* [Task to complete] Set the data down again, exactly as it reads, but without the pictures.

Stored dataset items

· · · · ·

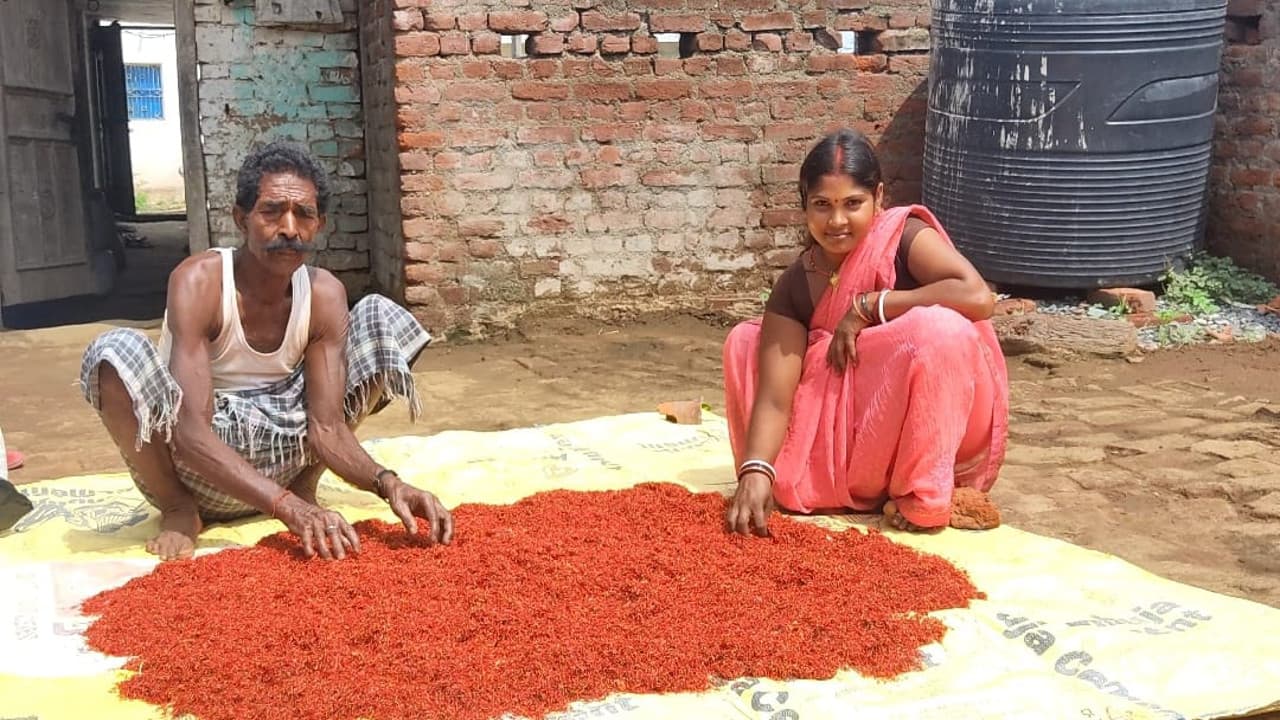 केसर की खुशबू से महक उठा रामगढ़ का गोला क्षेत्र, ललिता ने इसकी खेती कर सबको चौंकाया
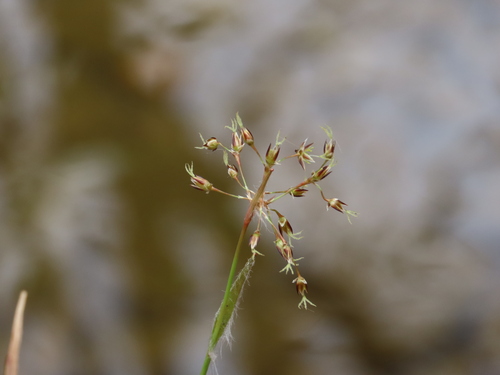 Luzula (woodrushes) (alternate view 6)
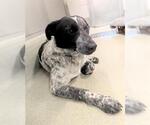 Small Texas Heeler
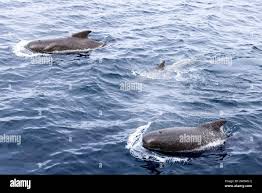 Image result for Globicephala melas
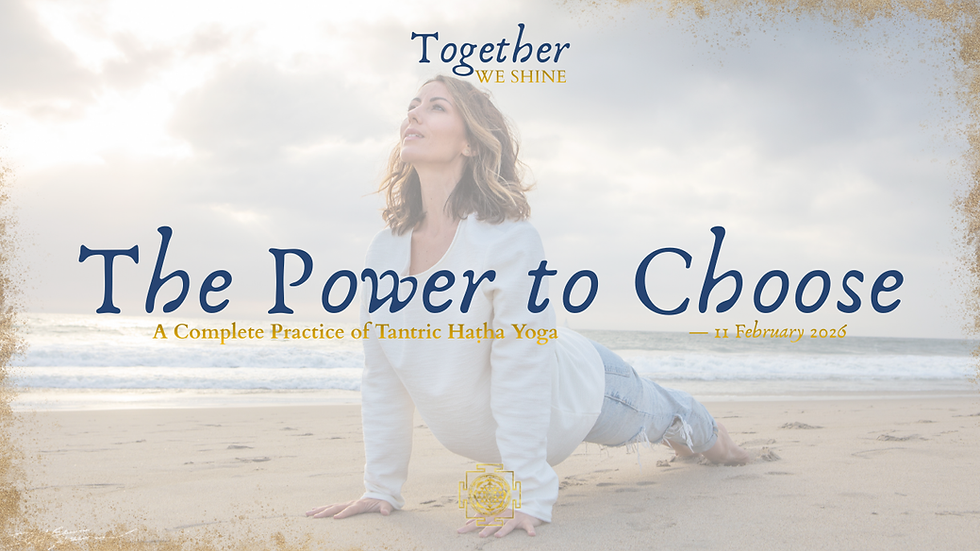 Together WE SHINE—The Power to Choose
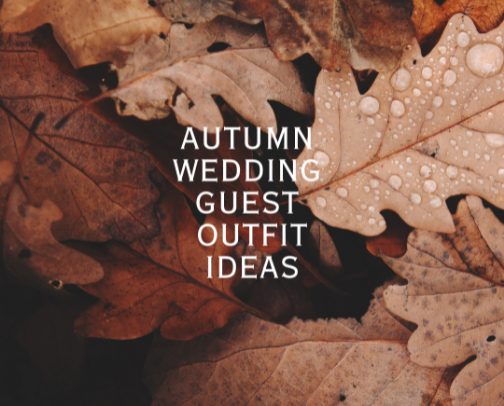 Fall Wedding Guest Dresses cover photo collage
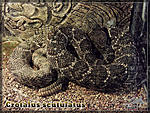    (Crotalus scutulatus)
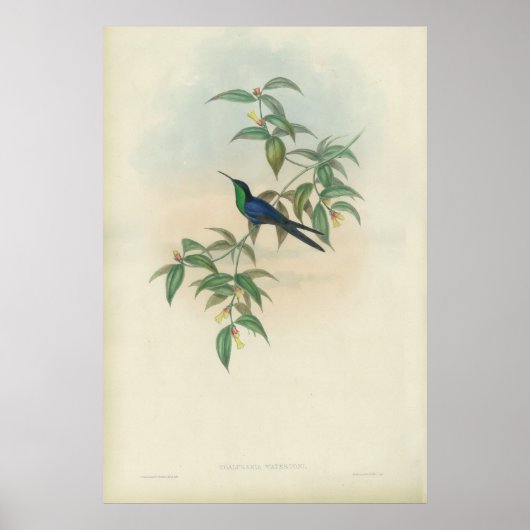 Poster Colibri vert et bleu (Devant)
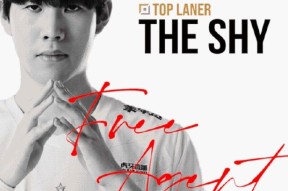 包含TheShy赛事官方发布大胜新规，IG争议不断！的词条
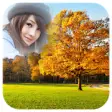 Icon of program: Forest Photo Frames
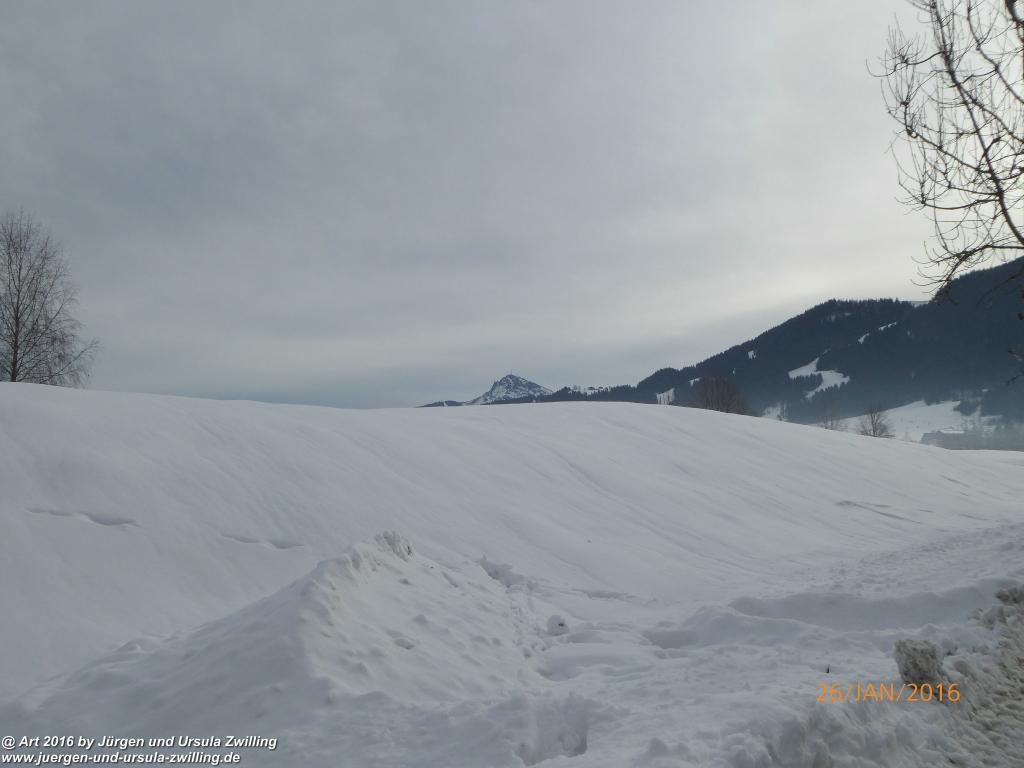 Philosophische Bildwanderung - Haflingertränke - Ellmau-Tirol - Kaisergebirge - Österreich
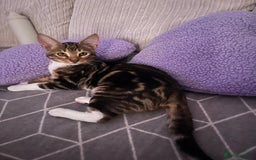 Bengal cats for sale: Half bengal half tabby kitten 17 weeks  - Image 6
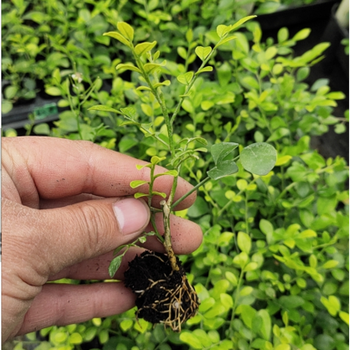 九里香穴盘小苗四颗 不含盆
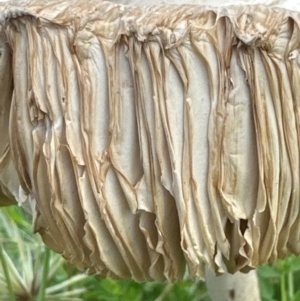 Macrolepiota dolichaula at Yarralumla, ACT - 9 Jan 2024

· · · · ·

* [Solution to this exercise]
 केसर की खुशबू से महक उठा रामगढ़ का गोला क्षेत्र, ललिता ने इसकी खेती कर सबको चौंकाया
 Luzula (woodrushes) (alternate view 6)
 Small Texas Heeler
 Image result for Globicephala melas
 Together WE SHINE—The Power to Choose
 Fall Wedding Guest Dresses cover photo collage
    (Crotalus scutulatus)
 Poster Colibri vert et bleu (Devant)
 包含TheShy赛事官方发布大胜新规，IG争议不断！的词条
 Icon of program: Forest Photo Frames
 Philosophische Bildwanderung - Haflingertränke - Ellmau-Tirol - Kaisergebirge - Österreich
 Bengal cats for sale: Half bengal half tabby kitten 17 weeks  - Image 6
 九里香穴盘小苗四颗 不含盆
 Macrolepiota dolichaula at Yarralumla, ACT - 9 Jan 2024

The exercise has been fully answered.